4:48 Uhr: Ich schaue auf Gesichtsbüchl, Dekagram und
WotSepp, wann er das letzte Mal online war, bis mir einfällt, dass er mir weder
folgt, noch meine Freundschaft erwidert und gar nicht zu erkennen ist, wann er
das letzte Mal aktiv war. Aber seine Freunde! Die sind mir alter Suppenhenne zugeneigter,
weshalb ich sie auf der Stelle stalke und bloß bei einem sehe, dass er um 23:00
Uhr „angsoffn mit die Besten“ gepostet hat. Sehr beruhigend.
Bitte, lieber Gott, lass ihn keine Alkoholvergiftung
haben, ich schwöre, auch ich werde in meinem ganzen Leben nichts mehr trinken,
wenn die Sache heute gut ausgeht. Ein Schaf, zwei Schafe, drei Schafe …
5:17 Uhr: Die werden jetzt im Hintergrund sicher schon
ein Kriseninterventionsteam formieren, denn da ist mindestens ein
Verkehrsunfall oder ein Fall von schwerster Körperverletzung passiert. Das ist
nicht mein Junge. Der bleibt nicht freiwillig so lange von seiner lieben Mami
weg. DER nicht. Ich habe völlig verfrüht meinen Morgen-Stuhlgang.

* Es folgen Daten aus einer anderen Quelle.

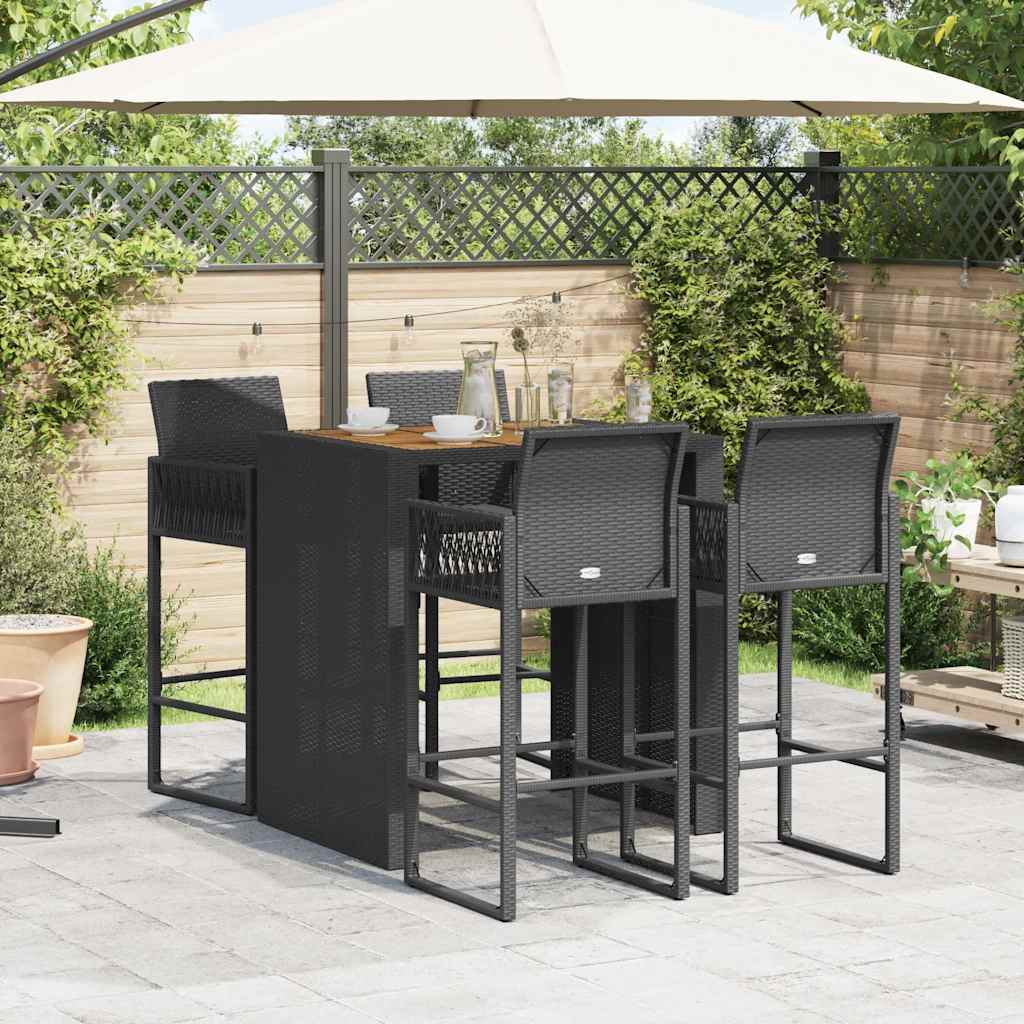5 Piece Garden Bar Set without Cushions Black Poly Rattan Acacia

Lieber Gott, lass diesen Kelch an mir vorübergehen. Kein
Schaf. Kein einziges mehr.
5:53 Uhr: Es kracht an der Haustüre und mein kleiner
Großer steht mit roten Backen im Türrahmen. Zu Fuß sei er jetzt ein schönes
Stück gegangen, nachdem er total nette Stunden in der Disco verbracht hätte. Es
wäre eine gelungene Veranstaltung gewesen, gar nicht gemerkt hätte er, wie
schnell die Zeit vergangen wäre…. HIMMEL !!!! Er ist wieder da: unversehrt.
Ich danke dem lieben Gott und vereinbare mit ihm, dass
er den Schwur mit der Fuß-Wallfahrt doch bitte nicht ganz so ernst nehmen
sollte und auch die Sache mit dem Nicht-Mehr-Trinken. Da hat ja schließlich
keiner was davon, wenn ich mich völlig überanstrenge bei so einem Fußmarsch
oder mir nie mehr auch nur ein Gläschen Rotwein gönnen würde. Das wäre ja ein
Blödsinn, der liebe Gott hätte das sicher nicht so gewollt…. Brot und Wein … eh
schon wissen.
Ein letztes Mal stolpere ich über meine Hendl-Schuhe, als
ich wieder zurück ins Bett zu meinen Schafen will – diesmal mit einer Talfahrt
über die Kellerstiege – direttissima in die Hölle sozusagen. Kleine Sünden
bestraft der liebe Gott nämlich postwendend.